Этот отрывок нравится мне своей многомерностью — в нем присутствуют отправные точки сразу для нескольких интересных мыслей, поэтому наверно и сложно с первого взгляда понять, о чем он.

На мой взгляд, Мамардашвили в первую очередь интересуют условия возникновения мира, в котором мы по-настоящему существуем как люди и мыслящие существа. Мира, в котором возможны такие понятия, как мысль, бытие, любовь и т.д. (в этом отрывке он его назывет “невидимым миром”). В отличие от “материалистов”, которые отрицают само существование этого мира, и “спиритуалистов” (термины условные), которые приписывают ему параллельное независимое существование, как бы дублируя “обычную” реальность, Мамардашвили говорит, что этот мир рождается из той же самой материи (как скульптура сделана из того же самого камня, который валяется у нас под ногами). Мир — это своего рода двусторонняя ткань, причем обе стороны взаимозависимы, хотя на эту взаимосвязь и не всегда можно повлиять.

Итак, условия возникновения “невидимого мира”. Ясно, что мысль не передается механически: например, кто-то может читать эти слова и не понимать их. Но понимание можно как бы спровоцировать, используя особые инструменты, которые Мамардашвили называет артефактами или ноогенными машинами. ММ пишет, что «Акт познания состоит не в том, чтобы изобрести новую мысль, чего нельзя сделать хотя бы в силу дискретности времени, а нужно организовать то, что породит саму эту мысль.» Стихии (первоэлементы), о которых идет речь в этом отрывке, ведические доши, зодиак и другие типологии, алфавит, случайный стимул — все это примеры ноогенных машин, создающих условия, при которых возникновение “невидимого мира” становится возможным. Мамардашвили говорит, что «Произведения искусства производят в нас жизнь в том виде, в каком наша жизнь, во-первых, — человеческая, и, во-вторых, имеет отношение к бытию».

Другая интересная мысль, которая присутствует в этом отрывке — про наш личный конус восприятия: мы можем слышать звуки музыки и не слышать музыку, то есть в конечном итоге опять-таки речь идет об условиях возникновения понимания. Нам недоступна вся феноменальная материя, мы не можем воспринимать ее произвольно, волевым усилием — доступна только та ее часть, которую мы пропустили через себя. При этом, как мишет ММ, люди «и отличаются друг от друга тем, что у одних узкий конус, а у других — конус пошире».

Ну и третье направление мысли касается людей, занимающихся творчеством, то есть тех, кто создает то, что ММ называет ноогенными машинами.
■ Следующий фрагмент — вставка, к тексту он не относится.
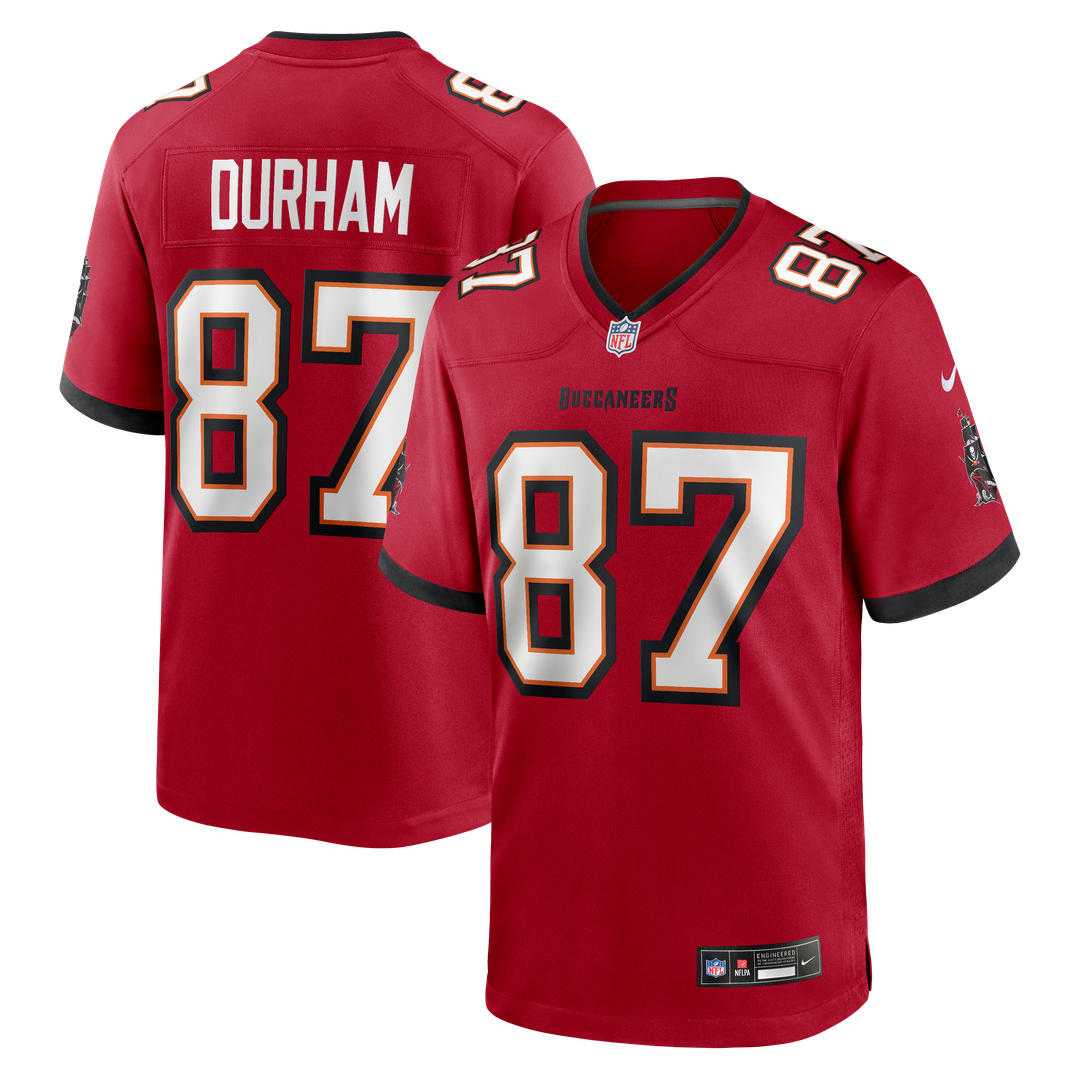Tampa Bay Buccaneers Payne Durham Nike Red Game Jersey product image 1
Как донести до других то, что волнует лично тебя? При каких условиях люди будут понимать то, что ты понимаешь, учитывая то, что само понимание напрямую не передается? Кое-что об этом я писал здесь.

признаюсь, что твой второй текст понравился мне больше первого = чистой цитаты. первоисточников мы начитались за 6 лет учебы на психфаке, и интереснее всего (для меня, по крайней мере) не столько исходные положения, сколько то, что в них видят интерпретаторы. видеть, как на глазах идея обретает многомерность и пускает ростки новых идей.
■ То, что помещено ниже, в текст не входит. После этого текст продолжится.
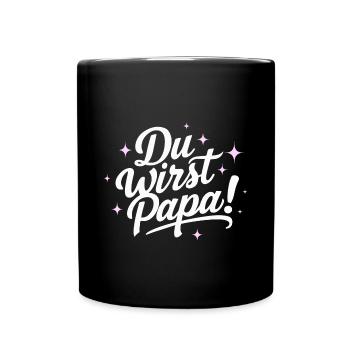 Du wirst Papa Vatertag Geburtstag Bester Papa - Tasse einfarbig - Schwarz - Vorne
Этот отрывок нравится мне своей многомерностью — в нем присутствуют отправные точки сразу для нескольких интересных мыслей, поэтому наверно и сложно с первого взгляда понять, о чем он.

я перечитала его текст трижды, по-разному, прежде чем что-то пробилось до сознания 🙂

кстати, мне кажется, что часто и у многих эти отправные точки срабатывают бессознательно. то есть что-то послужило стимулом, но мы не заметили (или вытеснили) и, скажем, видим причину только в себе или в чем-то совсем другом.

про понимание меня тронуло больше всего, это очень интересная тема и очень неоднозначная, учитывая, что каждый всё равно понимает что-то своё, через все свои наслоения эмоций, смыслов, ценностей, потребностей. если упрощенно, то чтобы донести так, чтобы поняли, нужны по крайней мере две вещи: а) четкая логическая связь между тезисами, чтобы убедило, и б) сильная эмоциональная встряска, чтобы зацепило, и тогда даже, возможно, не трогающая человека тема воспримется как значимая и усвоится.

про сюжет: в своем тексте, на который ссылаешься в конце, ты пишешь:

По привычке, вызванной не в последнюю очередь доминированием сюжетного искусства, мы представляем себе и жизнь, в том числе свою собственную, как такую вот историю, в которой смысл складывается из обстоятельств сюжета. Отсюда пустые надежды до гробовой доски и наивный авантюризм людей, рассчитывающих не на свой труд, а на неожиданный благоприятный поворот колеса фортуны. Отсюда же бесконечный и по большому счету лживый storytelling в бизнесе.

другой ракурс: склонность увидеть свою жизнь как цепь взаимосвязанностей, как пронизанную неким лейтмотивом симфонию или повесть Бернард Ливехуд и Андрей Сухоруков считают показателем личностной зрелости и способности к жизнетворчеству. в каком-то смысле, речь тут идет о сюжете – целостная система событий, ведущих от введения через завязку и кульминацию к развязке. выходит, граница между высшей степенью осознанности жизни и привычкой слепо встраиваться в заданности – очень тонкая?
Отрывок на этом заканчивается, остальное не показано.